• _TRY IT_: Write again exactly the lines in the listing below, starting at the line with "Small Image of" and ending at the line with "Snapshot of Maetty1986", both included. Pictures are not copied.

• _EXERCISE INPUT_:
———

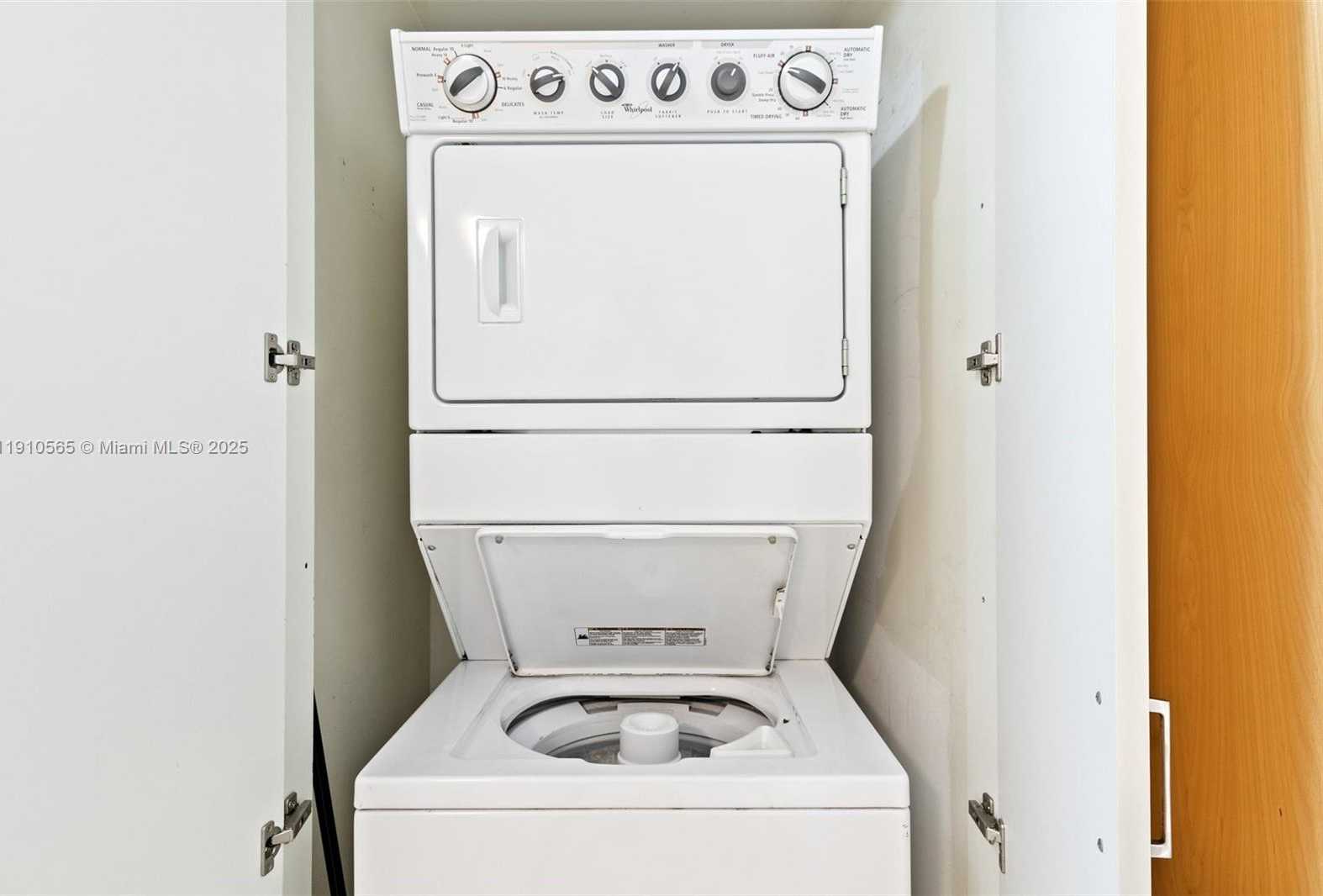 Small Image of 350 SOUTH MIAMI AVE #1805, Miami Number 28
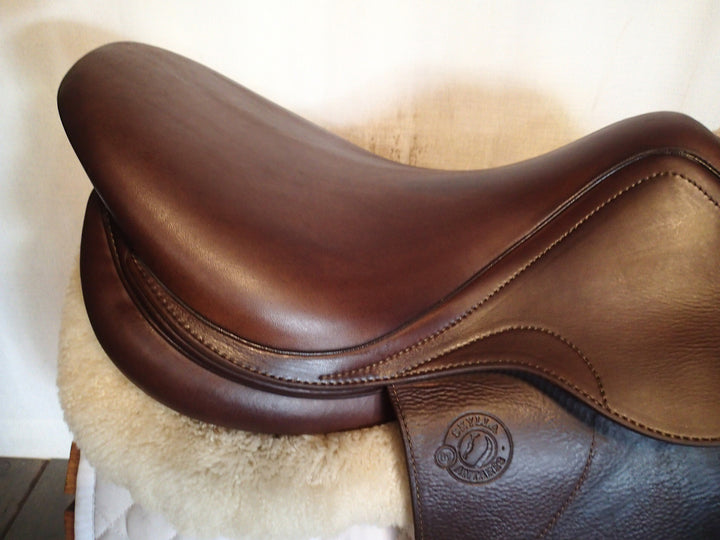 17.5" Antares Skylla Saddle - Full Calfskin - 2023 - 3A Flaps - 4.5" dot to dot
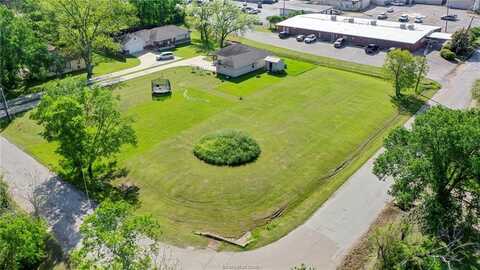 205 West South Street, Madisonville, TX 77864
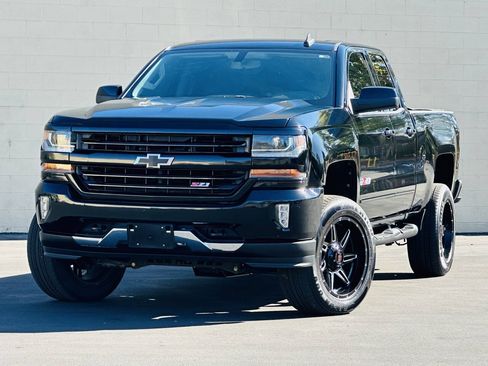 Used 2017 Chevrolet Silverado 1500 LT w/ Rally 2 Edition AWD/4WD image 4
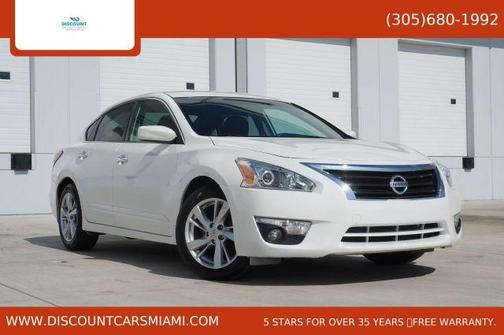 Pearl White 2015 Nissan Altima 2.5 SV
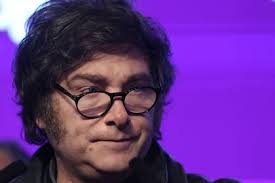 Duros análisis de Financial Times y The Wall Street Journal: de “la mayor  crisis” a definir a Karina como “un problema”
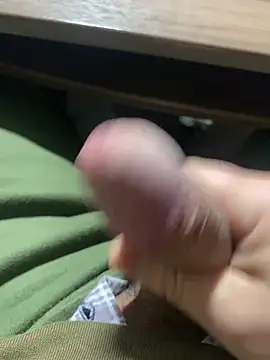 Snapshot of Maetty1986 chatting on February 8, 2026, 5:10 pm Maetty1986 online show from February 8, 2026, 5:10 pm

———

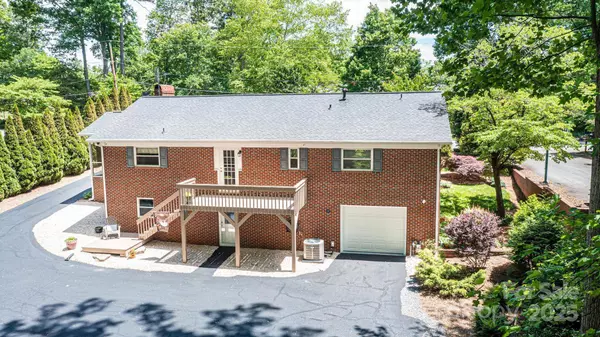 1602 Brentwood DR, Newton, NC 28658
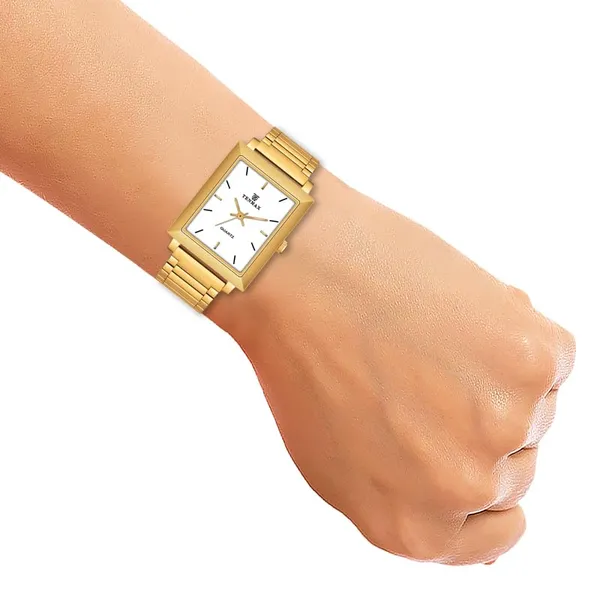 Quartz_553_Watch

———

• _RESPONSE FOR THIS EXERCISE_:
 Small Image of 350 SOUTH MIAMI AVE #1805, Miami Number 28
 17.5" Antares Skylla Saddle - Full Calfskin - 2023 - 3A Flaps - 4.5" dot to dot
 205 West South Street, Madisonville, TX 77864
 Used 2017 Chevrolet Silverado 1500 LT w/ Rally 2 Edition AWD/4WD image 4
 Pearl White 2015 Nissan Altima 2.5 SV
 Duros análisis de Financial Times y The Wall Street Journal: de “la mayor  crisis” a definir a Karina como “un problema”
 Snapshot of Maetty1986 chatting on February 8, 2026, 5:10 pm Maetty1986 online show from February 8, 2026, 5:10 pm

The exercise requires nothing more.